* **Task description**:
Find the line with "Organizer con copertina" and the line with "These goggles in" in the entries below; output exactly those two lines, every line between them, and no others.

[Stored data entries]
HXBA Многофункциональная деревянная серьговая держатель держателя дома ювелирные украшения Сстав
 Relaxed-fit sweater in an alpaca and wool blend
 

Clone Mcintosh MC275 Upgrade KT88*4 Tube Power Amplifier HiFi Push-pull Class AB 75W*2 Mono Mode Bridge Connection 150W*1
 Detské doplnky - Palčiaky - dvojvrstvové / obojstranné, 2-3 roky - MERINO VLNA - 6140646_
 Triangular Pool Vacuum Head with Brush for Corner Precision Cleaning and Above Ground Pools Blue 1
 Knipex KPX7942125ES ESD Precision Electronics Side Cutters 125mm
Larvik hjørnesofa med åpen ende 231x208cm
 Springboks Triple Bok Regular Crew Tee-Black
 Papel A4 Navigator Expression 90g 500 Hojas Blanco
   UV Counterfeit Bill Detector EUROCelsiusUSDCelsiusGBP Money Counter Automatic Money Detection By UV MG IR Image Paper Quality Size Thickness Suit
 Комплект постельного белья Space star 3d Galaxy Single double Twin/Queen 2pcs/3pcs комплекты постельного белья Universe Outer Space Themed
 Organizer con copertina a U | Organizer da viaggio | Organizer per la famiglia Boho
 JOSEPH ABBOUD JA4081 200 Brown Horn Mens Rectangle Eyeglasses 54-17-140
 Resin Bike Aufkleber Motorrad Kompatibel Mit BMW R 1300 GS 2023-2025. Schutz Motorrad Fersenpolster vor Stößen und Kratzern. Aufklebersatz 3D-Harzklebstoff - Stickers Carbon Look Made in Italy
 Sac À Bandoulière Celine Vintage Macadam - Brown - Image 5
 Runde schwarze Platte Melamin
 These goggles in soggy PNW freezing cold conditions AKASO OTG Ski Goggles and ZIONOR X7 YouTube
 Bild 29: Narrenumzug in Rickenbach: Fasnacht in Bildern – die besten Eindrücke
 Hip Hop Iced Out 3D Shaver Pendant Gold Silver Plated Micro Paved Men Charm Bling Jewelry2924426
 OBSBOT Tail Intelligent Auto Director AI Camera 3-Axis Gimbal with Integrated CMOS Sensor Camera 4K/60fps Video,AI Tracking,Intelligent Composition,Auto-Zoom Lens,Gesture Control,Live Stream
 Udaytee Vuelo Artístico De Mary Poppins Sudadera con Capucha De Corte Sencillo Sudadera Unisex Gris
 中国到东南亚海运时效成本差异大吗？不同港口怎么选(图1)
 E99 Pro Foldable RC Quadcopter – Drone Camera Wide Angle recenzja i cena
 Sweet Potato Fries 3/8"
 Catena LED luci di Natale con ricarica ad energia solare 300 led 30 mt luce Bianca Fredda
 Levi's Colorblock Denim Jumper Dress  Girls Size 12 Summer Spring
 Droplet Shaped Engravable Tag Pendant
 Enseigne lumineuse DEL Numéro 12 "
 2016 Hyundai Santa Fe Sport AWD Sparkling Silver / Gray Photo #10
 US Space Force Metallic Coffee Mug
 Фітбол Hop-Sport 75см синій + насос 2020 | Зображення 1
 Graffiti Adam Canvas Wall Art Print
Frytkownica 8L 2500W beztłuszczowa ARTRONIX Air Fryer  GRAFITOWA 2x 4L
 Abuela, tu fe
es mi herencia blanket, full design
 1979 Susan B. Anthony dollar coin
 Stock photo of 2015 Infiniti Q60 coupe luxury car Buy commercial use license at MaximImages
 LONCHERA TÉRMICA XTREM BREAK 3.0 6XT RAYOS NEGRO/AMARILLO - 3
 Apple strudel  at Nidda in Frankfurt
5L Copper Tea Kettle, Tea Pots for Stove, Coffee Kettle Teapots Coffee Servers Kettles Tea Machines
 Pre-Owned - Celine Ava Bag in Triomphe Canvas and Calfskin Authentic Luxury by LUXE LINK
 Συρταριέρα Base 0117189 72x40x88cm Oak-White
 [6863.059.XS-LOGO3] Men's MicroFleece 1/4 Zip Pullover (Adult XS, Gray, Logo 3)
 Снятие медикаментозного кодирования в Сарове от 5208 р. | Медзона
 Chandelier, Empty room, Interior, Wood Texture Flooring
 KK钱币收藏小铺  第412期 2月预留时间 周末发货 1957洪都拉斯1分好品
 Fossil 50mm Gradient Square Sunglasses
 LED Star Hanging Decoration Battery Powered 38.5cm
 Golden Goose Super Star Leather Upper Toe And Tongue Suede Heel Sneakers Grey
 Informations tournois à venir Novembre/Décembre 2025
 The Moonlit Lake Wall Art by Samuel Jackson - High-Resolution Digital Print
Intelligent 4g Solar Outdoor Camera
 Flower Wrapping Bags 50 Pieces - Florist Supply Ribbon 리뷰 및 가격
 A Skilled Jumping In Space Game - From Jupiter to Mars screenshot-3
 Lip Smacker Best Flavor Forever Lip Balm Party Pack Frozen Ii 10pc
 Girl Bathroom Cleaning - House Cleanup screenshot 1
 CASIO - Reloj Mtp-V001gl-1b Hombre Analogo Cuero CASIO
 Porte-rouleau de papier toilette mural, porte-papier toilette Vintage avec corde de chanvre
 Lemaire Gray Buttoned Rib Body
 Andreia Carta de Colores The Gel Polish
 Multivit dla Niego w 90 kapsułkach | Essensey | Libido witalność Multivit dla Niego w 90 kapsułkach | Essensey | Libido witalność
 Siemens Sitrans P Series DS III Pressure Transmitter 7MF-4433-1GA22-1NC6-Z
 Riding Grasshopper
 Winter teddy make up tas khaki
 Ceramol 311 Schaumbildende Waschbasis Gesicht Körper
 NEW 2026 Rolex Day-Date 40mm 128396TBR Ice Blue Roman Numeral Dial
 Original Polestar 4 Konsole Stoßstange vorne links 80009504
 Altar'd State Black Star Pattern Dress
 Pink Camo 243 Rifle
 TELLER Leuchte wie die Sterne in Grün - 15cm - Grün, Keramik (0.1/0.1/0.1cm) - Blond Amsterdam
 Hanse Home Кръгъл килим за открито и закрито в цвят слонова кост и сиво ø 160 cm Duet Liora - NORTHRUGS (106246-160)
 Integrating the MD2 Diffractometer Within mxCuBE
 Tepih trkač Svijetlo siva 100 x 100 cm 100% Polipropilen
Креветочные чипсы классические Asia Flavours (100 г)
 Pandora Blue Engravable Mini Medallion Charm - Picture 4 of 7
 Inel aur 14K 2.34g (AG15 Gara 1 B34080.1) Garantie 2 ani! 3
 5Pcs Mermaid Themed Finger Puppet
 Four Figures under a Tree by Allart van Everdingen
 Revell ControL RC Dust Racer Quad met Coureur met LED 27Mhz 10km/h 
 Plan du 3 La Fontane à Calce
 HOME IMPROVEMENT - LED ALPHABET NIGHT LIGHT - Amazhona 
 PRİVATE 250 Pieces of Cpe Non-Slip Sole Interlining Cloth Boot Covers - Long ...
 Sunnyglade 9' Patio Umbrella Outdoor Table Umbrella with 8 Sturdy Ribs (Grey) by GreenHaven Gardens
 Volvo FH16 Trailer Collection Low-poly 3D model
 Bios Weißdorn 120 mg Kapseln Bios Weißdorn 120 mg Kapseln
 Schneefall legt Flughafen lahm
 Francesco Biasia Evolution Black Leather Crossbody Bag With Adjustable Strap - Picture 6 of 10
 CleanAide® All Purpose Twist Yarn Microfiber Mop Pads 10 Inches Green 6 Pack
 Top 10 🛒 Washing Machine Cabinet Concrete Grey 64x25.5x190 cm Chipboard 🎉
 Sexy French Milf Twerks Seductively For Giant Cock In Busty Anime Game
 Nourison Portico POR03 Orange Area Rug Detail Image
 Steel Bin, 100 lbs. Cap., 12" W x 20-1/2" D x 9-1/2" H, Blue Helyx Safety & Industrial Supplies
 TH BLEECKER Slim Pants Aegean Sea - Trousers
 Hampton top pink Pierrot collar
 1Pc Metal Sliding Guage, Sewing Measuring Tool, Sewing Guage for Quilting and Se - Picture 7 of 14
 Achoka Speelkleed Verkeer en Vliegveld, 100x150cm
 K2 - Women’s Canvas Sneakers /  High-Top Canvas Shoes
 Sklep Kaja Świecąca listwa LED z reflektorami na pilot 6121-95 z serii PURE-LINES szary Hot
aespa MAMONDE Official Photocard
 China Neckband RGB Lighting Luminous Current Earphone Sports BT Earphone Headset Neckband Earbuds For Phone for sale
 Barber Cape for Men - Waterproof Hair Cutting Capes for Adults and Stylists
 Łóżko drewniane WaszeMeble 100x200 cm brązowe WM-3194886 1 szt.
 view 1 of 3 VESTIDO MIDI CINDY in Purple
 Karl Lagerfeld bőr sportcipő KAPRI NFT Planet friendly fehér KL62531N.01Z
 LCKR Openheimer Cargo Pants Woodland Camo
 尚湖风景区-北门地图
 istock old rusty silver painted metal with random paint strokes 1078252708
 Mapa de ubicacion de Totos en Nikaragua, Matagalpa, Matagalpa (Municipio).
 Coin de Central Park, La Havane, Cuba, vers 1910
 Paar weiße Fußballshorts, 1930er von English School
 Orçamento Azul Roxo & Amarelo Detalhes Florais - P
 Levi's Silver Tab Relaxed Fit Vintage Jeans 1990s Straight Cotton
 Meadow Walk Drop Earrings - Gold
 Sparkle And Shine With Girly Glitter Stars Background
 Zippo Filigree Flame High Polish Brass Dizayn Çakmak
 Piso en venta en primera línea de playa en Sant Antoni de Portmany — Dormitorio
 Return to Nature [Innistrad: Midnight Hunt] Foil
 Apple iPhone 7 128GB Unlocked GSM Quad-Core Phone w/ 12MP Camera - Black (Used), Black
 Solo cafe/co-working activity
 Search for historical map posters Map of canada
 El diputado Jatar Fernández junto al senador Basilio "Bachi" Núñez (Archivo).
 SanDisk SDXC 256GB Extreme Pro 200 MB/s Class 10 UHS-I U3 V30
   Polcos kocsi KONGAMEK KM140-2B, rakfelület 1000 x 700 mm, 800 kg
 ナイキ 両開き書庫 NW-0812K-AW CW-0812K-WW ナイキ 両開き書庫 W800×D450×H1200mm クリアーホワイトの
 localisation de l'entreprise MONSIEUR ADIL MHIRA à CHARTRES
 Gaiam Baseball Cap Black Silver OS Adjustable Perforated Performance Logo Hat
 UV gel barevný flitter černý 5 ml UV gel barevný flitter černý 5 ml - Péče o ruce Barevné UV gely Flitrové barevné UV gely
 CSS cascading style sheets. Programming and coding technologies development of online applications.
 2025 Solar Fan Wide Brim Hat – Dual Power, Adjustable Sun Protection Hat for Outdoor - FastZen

* **Response to this exercise**:
 Organizer con copertina a U | Organizer da viaggio | Organizer per la famiglia Boho
 JOSEPH ABBOUD JA4081 200 Brown Horn Mens Rectangle Eyeglasses 54-17-140
 Resin Bike Aufkleber Motorrad Kompatibel Mit BMW R 1300 GS 2023-2025. Schutz Motorrad Fersenpolster vor Stößen und Kratzern. Aufklebersatz 3D-Harzklebstoff - Stickers Carbon Look Made in Italy
 Sac À Bandoulière Celine Vintage Macadam - Brown - Image 5
 Runde schwarze Platte Melamin
 These goggles in soggy PNW freezing cold conditions AKASO OTG Ski Goggles and ZIONOR X7 YouTube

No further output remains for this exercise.